Greek protesters force parade halt

Thousands of anti-austerity protesters in Greece’s second largest city have forced the cancellation of an annual military parade commemorating the nation’s entry into the Second World War.

Thousands of anti-austerity protesters in Greece’s second largest city have forced the cancellation of an annual military parade commemorating the nation’s entry into the Second World War.

The demonstrators heckled President Karolos Papoulias and other attending officials, calling him a traitor, and some anarchists spat at retired military officers.

In several other Greek cities, officials were heckled but most of the commemorative parades went ahead as scheduled.

The protests came two days after Europe’s leaders announced a strengthened financial rescue plan that includes bigger write-downs of Greek debt and new injections of capital into weakened European banks.

In Thessaloniki, the protesters blocked the parade route, forcing police to intervene and protect the officials’ stand until it was evacuated.

After waiting in the parade stand for about 30 minutes, Mr Papoulias left, but not before launching a broadside against the protesters.

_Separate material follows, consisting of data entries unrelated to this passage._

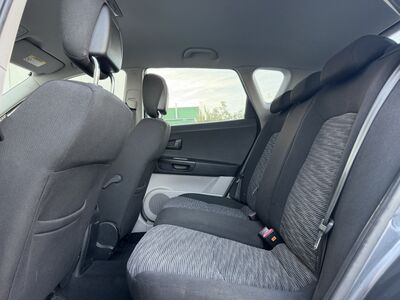 KIA Ceed Gebrauchtwagen KIA Ceed Gebrauchtwagen
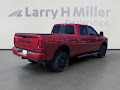 2026 RAM 2500 Black Express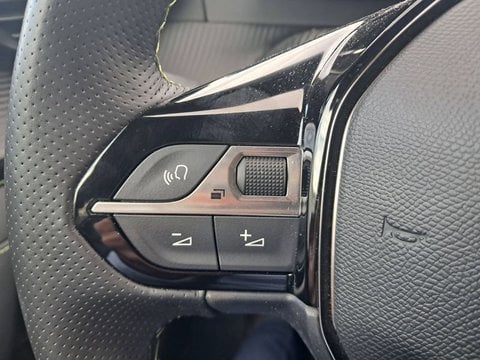 Voitures D'occasion À Argenteuil | Peugeot 208 Ii Puretech 100 S&S Bvm6 Gt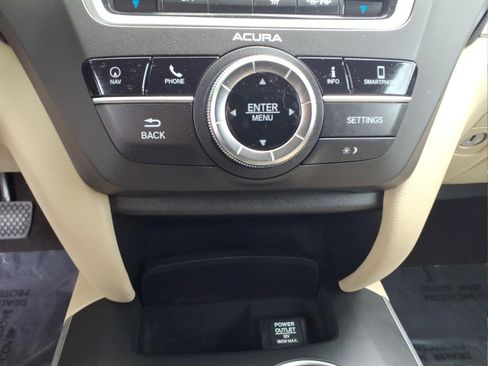 Used 2019 Acura MDX SH-AWD w/ Technology Package image 16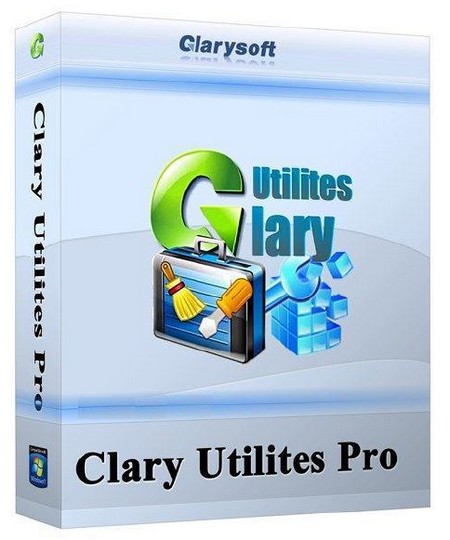 Glary Utilities Pro 3.7.0.132 Final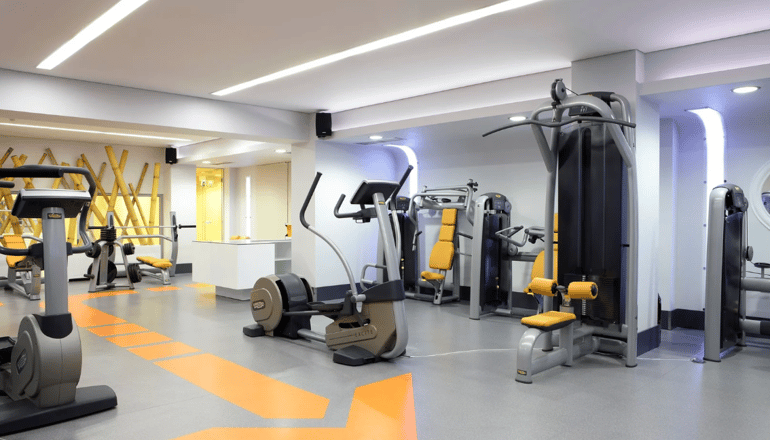 5* Limneon Resort & Spa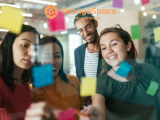 OrangeSpace: Empowering Small Businesses and Entrepreneurs Through Self-Storage Solutions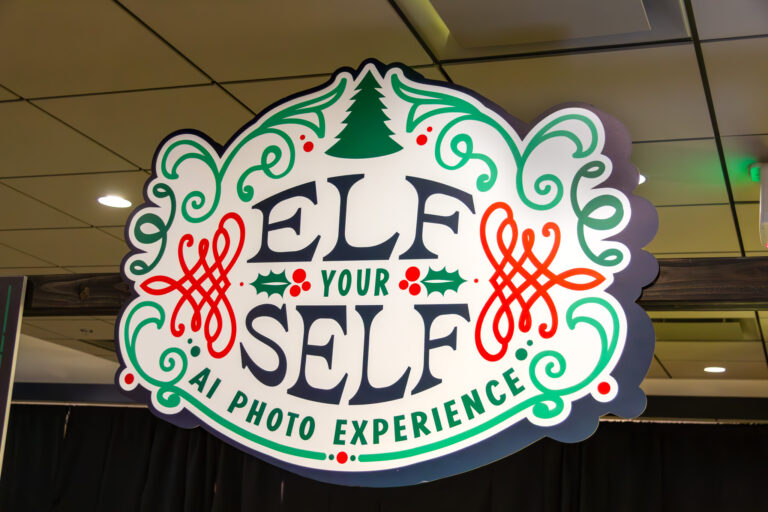 Custom Event Signage Custom Signage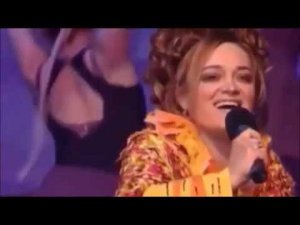 MIX  ***  Надежда Кадышева - ШИРОКА РЕКА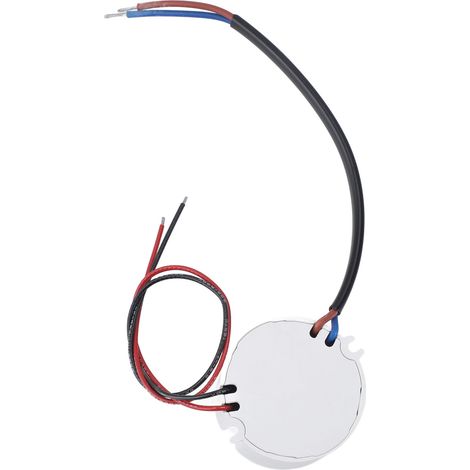 Alimentation LED Toivize 18W Étanche IP65 Transformateur 24-42V CC pour Bandes et Spots G4 MR16 Compact ABS (1/5)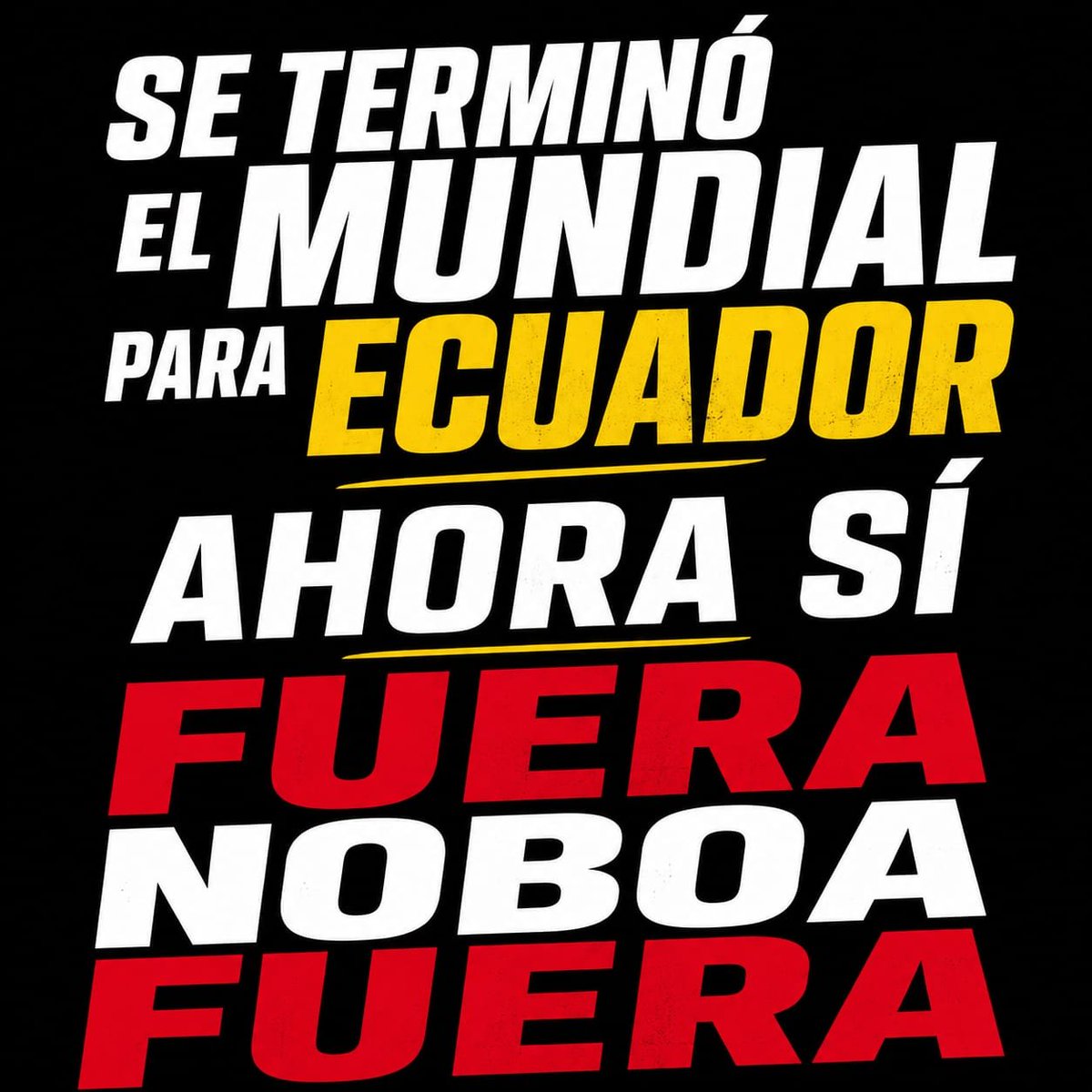 maxlascano's tweet photo. #LaTri https://t.co/LIJ8KpUmAc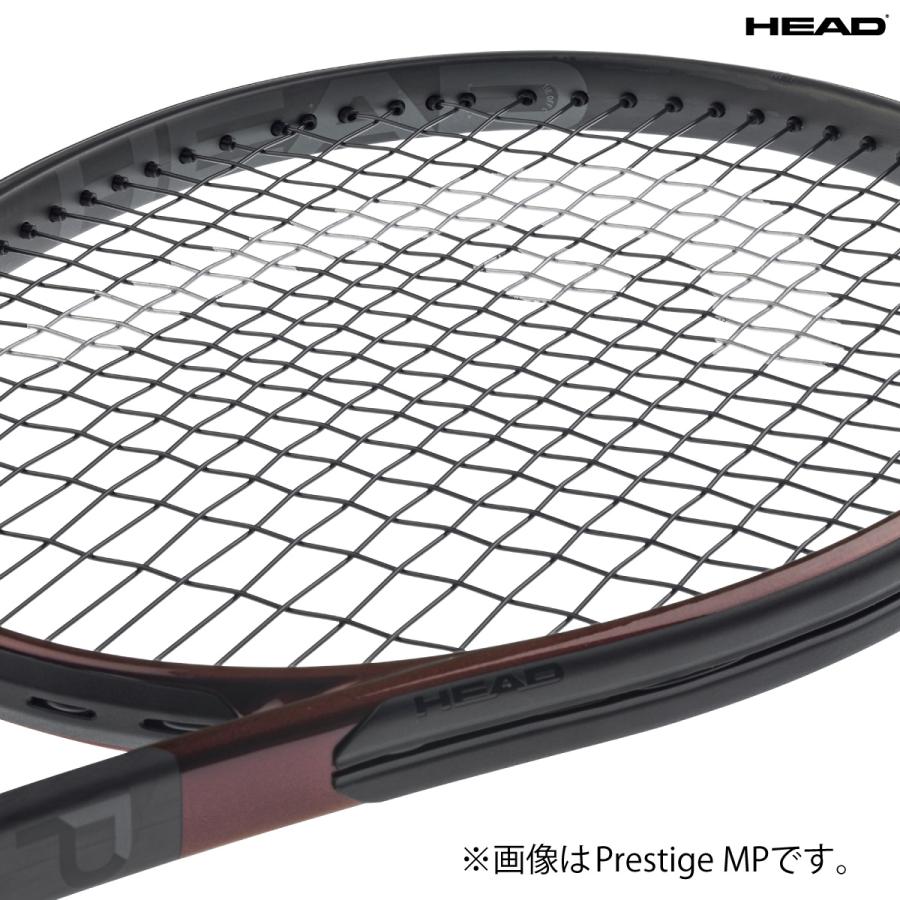 HEAD（ヘッド） プレステージプロ 2023 PRESTIGE PRO テニスラケット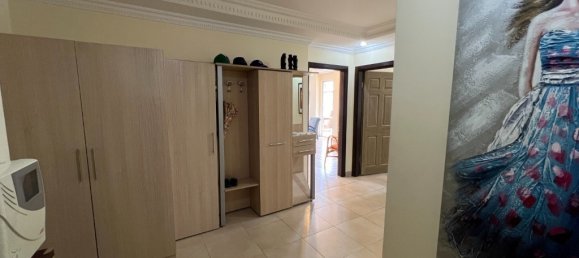 3-salle Appartement à Alanya, Turkey No. 28151 17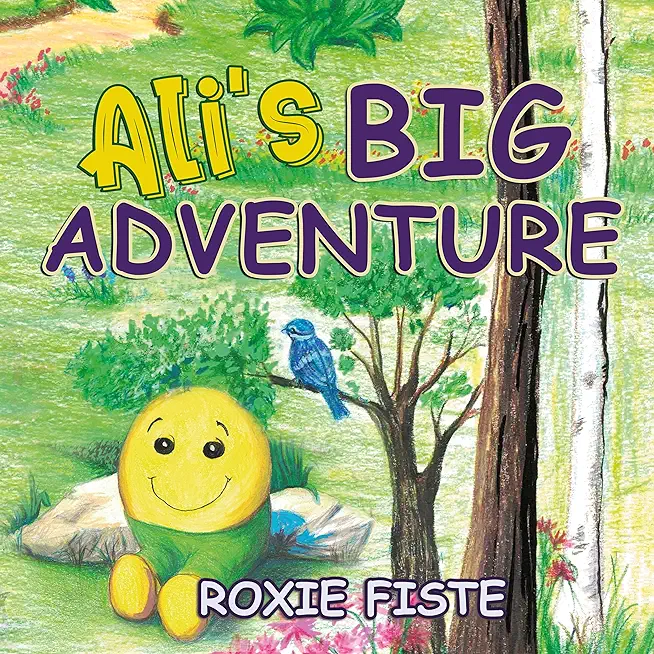 Ali's Big Adventure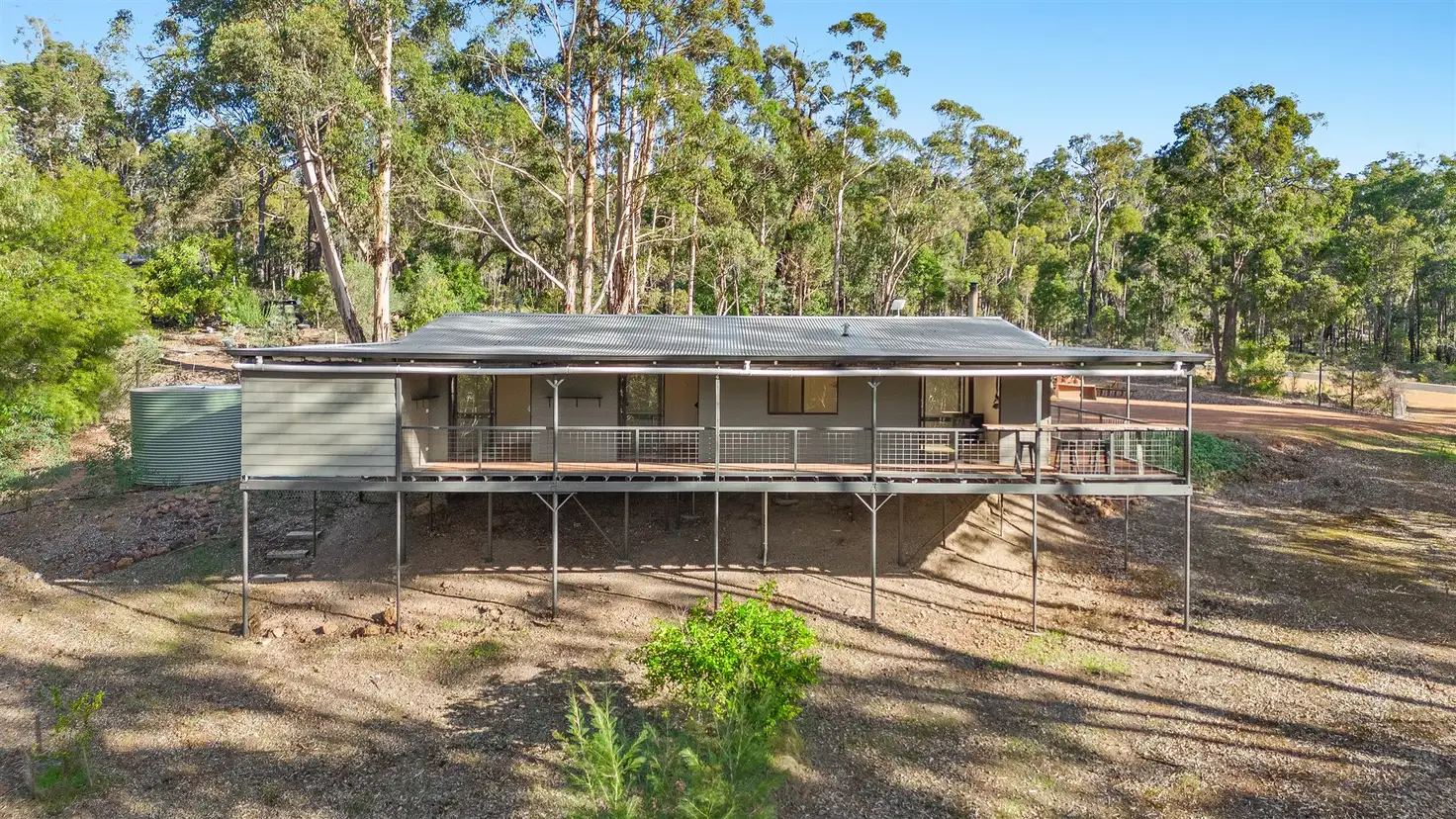 Main view of Homely house listing, 217 Denny Road, Jalbarragup WA 6275
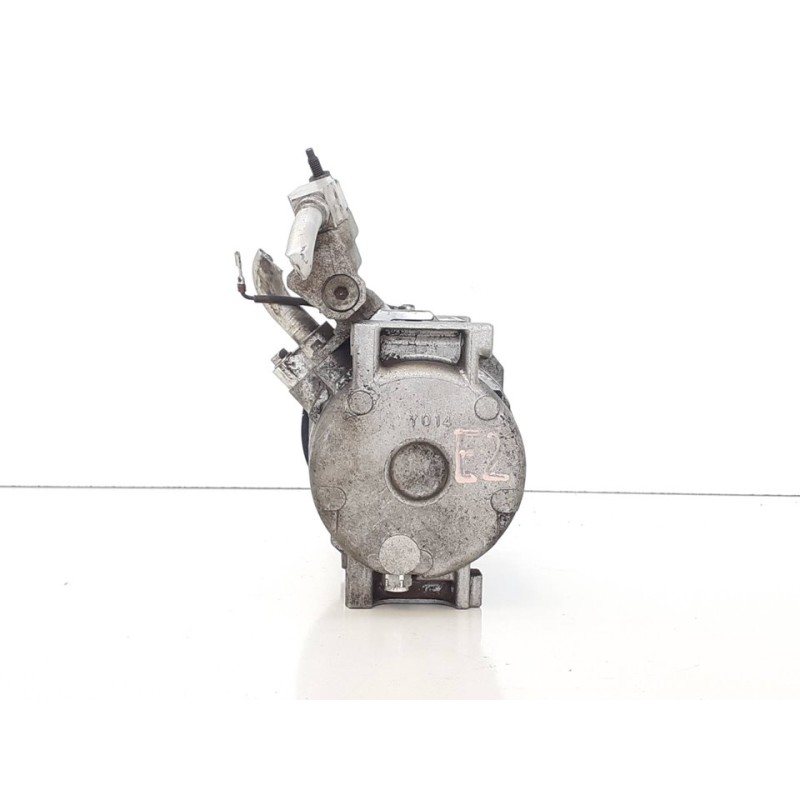 Recambio de compresor aire acondicionado para honda accord berlina (cl/cn) 2.2i ctdi sport referencia OEM IAM 4472606080 5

“When I was 15, I fought against Nazism and the German occupiers. Who are they calling me a traitor? Shame on them,” he told reporters.

Mr Papoulias, 82, joined the Greek resistance in 1944, during the last months of the three-year German occupation.

The protesters included leftists, anarchists, neo-Nazis, people fed up with the government’s austerity policies, and fans of the local soccer club Iraklis, which was pushed out of the top division because of financial irregularities.

Asked if the protesters were justified, given the government’s biting austerity measures and Greece’s deep recession, Papoulias said the demonstrators represented “a small minority”.

“The great mass of the people accept all these austerity measures that hit the weakest because they hope for a better day, when we will overcome the crisis and clean our house,” Papoulias said.

A student parade through Athens commemorating the day ended without a major incident, but some protesters carried banners with slogans such as “No to the selling out of the country,” and “Merkel equals Hitler,” referring to German Chancellor Angela Merkel, who played a big role in negotiating the new euro-nation rescue plan.

The demonstrators were condemned by the government and the conservative opposition, but justified by some leftist parties.